Europäisches Geld solle vor allem in Leuchtturm-Projekte mit größtmöglicher Wirkung investiert werden, darunter Wasserstoff, Renovierung von Häusern und in eine Million Ladestationen für Elektrofahrzeuge. Von der Leyen sprach von "European Hydrogen Valleys" zur Modernisierung der Industrie und zur Entwicklung neuer Kraftstoffe für Fahrzeuge.
Gebäude, aus denen heute 40 Prozent der Klimagas-Emissionen stammen, sollten künftig nicht mehr so viel Energie verschwenden. Künftig könnten sie mit kluger Technologie und Nutzung ökologischer Baustoffe wie Holz sogar CO2 aufnehmen.

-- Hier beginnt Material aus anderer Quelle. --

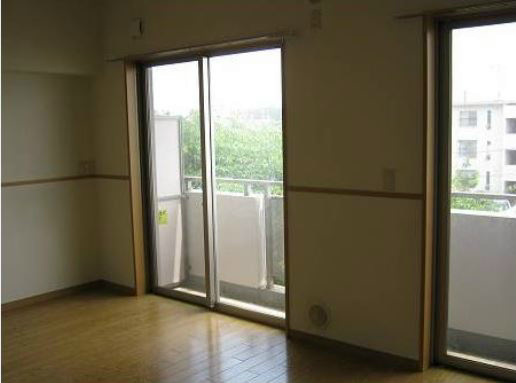 シグナス湘南 リビング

Nötig sei eine Renovierungswelle. "Deshalb werden wir ein neues europäisches Bauhaus errichten, einen Raum, in dem Architekten, Künstler, Studenten, Ingenieure und Designer gemeinsam und kreativ an diesem Ziel arbeiten", betonte von der Leyen.
Investitionsbedarf: Hunderte Milliarden jährlich
Nach Berechnungen der EU-Kommission müssten für das neue Klimaziel allein die Investitionen in Energieproduktion und -nutzung im Vergleich zu den vergangenen zehn Jahren um jährlich 350 Milliarden Euro gesteigert werden. Der Verbrauch von Kohle soll im Vergleich zu 2015 um 70 Prozent sinken, der Anteil von erneuerbaren Energien am gesamten Energieverbrauch auf bis zu 40 Prozent steigen. Ältere Gebäude müssten im doppelten Tempo wie bisher saniert und "klimafit" gemacht werden.
Zudem müssten einige Vorgaben für Energiewirtschaft und Industrie weiter verschärft werden, darunter die CO2-Grenzwerte für Autos. Das Emissionshandelssystem ETS, das bisher nur Kraftwerke und Fabriken einschließt, soll auf Gebäude und Verkehr ausgedehnt werden.
Unterstützung für den Plan
Begrüßt wird der Plan aus den Reihen von Umwelt- und Klimaschützern. Auch Österreichs Vizekanzler Werner Kogler und Klimaschutzministerin Leonore Gewessler begrüßen den Vorschlag.
Pasend dazu schickte Gewessler heute den Entwurf für das überfällige "Erneuerbaren Ausbau Gesetz 2020" (EAG 2020) in Begutachtung. Damit soll das Fördersystem grundlegend werden, um die Produktionskapazität für Strom aus erneuerbaren Quellen bis 2030 um 27 TWh auszubauen. Das Gesetz soll am 1. Jänner 2021 in Kraft treten.
"Das Gesetz ist der zentrale Baustein am Weg 100 Prozent Strom aus erneuerbaren Energien bis 2030", sagt Gewessler. Die nächsten zehn Jahre sieht sie als entscheidend für den Erfolg der Energiewende in Österreich. Weil das Thema Energie in Österreich eine Ländermaterie ist, ist für den Beschluss das EAG allerdings eine Zweidrittelmehrheit sowohl im Nationalrat als auch im Bundesrat erforderlich.